**The task**
Using the data that follows, return exactly the lines from the one that contains "첫회 한정 특전 부속" through the one that contains "0019-2025年4月カレンダー 横型・日曜始まり", ends included.

---

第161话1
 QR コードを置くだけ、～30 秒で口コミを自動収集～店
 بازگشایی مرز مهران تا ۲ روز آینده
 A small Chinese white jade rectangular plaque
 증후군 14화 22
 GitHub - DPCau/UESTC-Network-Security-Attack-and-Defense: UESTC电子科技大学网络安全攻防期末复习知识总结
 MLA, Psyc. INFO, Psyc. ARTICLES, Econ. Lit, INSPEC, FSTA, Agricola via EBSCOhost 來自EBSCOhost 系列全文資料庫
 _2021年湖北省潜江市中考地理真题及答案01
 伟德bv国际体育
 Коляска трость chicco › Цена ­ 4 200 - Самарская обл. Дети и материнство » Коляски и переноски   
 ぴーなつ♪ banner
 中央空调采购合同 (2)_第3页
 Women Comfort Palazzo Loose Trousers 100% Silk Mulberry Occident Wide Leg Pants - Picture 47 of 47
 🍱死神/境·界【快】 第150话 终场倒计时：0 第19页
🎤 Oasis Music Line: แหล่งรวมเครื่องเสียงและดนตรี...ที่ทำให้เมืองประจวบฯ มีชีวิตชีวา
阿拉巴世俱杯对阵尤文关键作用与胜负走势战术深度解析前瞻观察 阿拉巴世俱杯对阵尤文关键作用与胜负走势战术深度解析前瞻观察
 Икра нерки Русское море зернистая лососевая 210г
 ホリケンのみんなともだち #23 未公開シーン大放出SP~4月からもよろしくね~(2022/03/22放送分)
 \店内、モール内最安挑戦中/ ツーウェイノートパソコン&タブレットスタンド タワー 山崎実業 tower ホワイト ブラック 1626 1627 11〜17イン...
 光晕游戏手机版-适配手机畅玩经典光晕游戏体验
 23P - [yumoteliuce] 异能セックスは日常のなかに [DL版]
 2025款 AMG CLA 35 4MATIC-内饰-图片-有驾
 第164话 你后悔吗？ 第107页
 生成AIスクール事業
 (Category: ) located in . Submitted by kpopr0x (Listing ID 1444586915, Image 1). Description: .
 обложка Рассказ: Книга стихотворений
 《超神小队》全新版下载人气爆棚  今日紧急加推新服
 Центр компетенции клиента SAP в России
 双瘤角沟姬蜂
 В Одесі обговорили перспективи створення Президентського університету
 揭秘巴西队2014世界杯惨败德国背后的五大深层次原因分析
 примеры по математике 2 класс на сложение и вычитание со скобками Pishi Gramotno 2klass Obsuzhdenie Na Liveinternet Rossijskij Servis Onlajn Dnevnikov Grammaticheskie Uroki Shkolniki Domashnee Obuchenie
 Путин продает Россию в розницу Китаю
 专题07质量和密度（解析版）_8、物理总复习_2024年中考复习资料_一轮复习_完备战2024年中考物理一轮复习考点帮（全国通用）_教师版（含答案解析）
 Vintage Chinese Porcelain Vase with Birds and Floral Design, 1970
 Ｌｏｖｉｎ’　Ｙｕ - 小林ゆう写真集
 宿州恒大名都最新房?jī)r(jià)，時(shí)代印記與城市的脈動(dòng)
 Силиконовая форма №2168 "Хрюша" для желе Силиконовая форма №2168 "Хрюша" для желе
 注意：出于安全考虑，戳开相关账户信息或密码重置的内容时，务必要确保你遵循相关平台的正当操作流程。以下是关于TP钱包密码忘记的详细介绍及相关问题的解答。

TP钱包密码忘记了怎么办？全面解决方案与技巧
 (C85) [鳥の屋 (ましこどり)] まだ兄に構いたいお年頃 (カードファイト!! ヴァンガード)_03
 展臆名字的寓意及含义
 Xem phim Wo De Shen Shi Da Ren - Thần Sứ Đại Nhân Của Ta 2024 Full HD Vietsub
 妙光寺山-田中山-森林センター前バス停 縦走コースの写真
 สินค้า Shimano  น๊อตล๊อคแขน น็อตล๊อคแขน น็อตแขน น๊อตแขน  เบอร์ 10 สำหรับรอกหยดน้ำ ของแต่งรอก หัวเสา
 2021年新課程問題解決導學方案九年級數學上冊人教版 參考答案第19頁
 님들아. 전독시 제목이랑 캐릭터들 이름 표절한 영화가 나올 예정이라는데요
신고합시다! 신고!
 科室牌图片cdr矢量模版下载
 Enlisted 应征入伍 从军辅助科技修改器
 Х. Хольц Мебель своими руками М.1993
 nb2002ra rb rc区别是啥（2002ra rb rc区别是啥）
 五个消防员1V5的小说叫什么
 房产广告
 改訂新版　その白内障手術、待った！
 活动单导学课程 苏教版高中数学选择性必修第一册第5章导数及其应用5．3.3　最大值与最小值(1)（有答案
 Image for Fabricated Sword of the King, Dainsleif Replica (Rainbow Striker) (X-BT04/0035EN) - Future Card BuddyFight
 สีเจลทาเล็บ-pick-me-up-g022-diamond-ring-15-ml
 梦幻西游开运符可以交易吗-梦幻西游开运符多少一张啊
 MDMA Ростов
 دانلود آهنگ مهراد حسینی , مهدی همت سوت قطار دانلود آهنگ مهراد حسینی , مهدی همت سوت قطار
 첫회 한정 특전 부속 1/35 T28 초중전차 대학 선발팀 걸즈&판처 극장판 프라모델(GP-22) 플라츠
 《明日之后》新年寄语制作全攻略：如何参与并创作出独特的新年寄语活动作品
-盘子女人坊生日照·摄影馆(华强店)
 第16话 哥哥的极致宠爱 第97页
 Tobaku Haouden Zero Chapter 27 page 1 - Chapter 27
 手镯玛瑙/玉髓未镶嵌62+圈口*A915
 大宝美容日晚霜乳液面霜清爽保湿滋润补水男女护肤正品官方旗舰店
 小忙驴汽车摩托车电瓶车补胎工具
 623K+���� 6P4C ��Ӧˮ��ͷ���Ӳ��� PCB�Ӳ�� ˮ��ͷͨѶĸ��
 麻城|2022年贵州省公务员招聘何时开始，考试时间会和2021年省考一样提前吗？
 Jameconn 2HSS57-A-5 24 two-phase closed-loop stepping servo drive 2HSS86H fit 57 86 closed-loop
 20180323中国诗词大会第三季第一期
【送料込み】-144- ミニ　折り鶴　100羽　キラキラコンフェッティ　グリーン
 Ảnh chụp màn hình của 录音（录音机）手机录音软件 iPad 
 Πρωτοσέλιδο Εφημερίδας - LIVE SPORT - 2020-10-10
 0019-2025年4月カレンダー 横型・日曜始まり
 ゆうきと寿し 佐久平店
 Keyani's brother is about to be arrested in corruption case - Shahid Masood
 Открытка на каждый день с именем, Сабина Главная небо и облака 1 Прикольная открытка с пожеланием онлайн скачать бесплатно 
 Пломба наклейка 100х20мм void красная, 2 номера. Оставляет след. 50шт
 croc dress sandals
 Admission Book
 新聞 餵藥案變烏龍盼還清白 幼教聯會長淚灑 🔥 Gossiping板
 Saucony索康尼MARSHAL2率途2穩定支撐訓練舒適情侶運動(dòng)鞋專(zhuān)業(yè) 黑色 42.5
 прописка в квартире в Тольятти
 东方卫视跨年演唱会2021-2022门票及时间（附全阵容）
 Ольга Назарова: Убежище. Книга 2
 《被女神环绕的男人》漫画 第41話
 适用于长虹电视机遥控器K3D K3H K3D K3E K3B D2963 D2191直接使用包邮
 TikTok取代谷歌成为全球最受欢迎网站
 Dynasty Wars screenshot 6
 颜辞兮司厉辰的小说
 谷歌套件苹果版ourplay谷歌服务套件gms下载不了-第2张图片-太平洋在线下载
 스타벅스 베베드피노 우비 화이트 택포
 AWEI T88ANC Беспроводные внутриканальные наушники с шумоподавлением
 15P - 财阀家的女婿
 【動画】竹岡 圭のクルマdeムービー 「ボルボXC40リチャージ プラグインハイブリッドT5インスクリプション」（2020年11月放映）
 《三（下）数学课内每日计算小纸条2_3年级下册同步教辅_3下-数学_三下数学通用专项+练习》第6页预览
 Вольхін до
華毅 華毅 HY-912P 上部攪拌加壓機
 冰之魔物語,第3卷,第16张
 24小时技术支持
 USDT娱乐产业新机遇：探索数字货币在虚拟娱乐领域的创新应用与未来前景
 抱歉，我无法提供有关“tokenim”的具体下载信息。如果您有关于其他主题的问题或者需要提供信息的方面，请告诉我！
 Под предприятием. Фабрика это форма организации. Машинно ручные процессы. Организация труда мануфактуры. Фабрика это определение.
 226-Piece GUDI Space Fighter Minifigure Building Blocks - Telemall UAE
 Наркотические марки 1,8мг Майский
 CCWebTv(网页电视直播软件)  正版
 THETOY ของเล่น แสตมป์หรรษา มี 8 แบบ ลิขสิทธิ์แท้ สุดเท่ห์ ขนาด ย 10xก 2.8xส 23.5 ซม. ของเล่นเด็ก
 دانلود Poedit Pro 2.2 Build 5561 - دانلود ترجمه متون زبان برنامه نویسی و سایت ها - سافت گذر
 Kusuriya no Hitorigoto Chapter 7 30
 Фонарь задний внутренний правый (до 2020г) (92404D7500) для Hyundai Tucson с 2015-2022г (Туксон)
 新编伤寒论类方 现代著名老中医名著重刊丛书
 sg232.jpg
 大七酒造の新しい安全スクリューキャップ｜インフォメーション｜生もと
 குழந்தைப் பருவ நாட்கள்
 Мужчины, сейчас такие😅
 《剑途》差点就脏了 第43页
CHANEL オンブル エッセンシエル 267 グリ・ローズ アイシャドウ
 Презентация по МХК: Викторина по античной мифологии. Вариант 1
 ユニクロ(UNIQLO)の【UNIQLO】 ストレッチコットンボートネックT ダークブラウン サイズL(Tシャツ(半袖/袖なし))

---

**Exercise answer**
 첫회 한정 특전 부속 1/35 T28 초중전차 대학 선발팀 걸즈&판처 극장판 프라모델(GP-22) 플라츠
 《明日之后》新年寄语制作全攻略：如何参与并创作出独特的新年寄语活动作品
-盘子女人坊生日照·摄影馆(华强店)
 第16话 哥哥的极致宠爱 第97页
 Tobaku Haouden Zero Chapter 27 page 1 - Chapter 27
 手镯玛瑙/玉髓未镶嵌62+圈口*A915
 大宝美容日晚霜乳液面霜清爽保湿滋润补水男女护肤正品官方旗舰店
 小忙驴汽车摩托车电瓶车补胎工具
 623K+���� 6P4C ��Ӧˮ��ͷ���Ӳ��� PCB�Ӳ�� ˮ��ͷͨѶĸ��
 麻城|2022年贵州省公务员招聘何时开始，考试时间会和2021年省考一样提前吗？
 Jameconn 2HSS57-A-5 24 two-phase closed-loop stepping servo drive 2HSS86H fit 57 86 closed-loop
 20180323中国诗词大会第三季第一期
【送料込み】-144- ミニ　折り鶴　100羽　キラキラコンフェッティ　グリーン
 Ảnh chụp màn hình của 录音（录音机）手机录音软件 iPad 
 Πρωτοσέλιδο Εφημερίδας - LIVE SPORT - 2020-10-10
 0019-2025年4月カレンダー 横型・日曜始まり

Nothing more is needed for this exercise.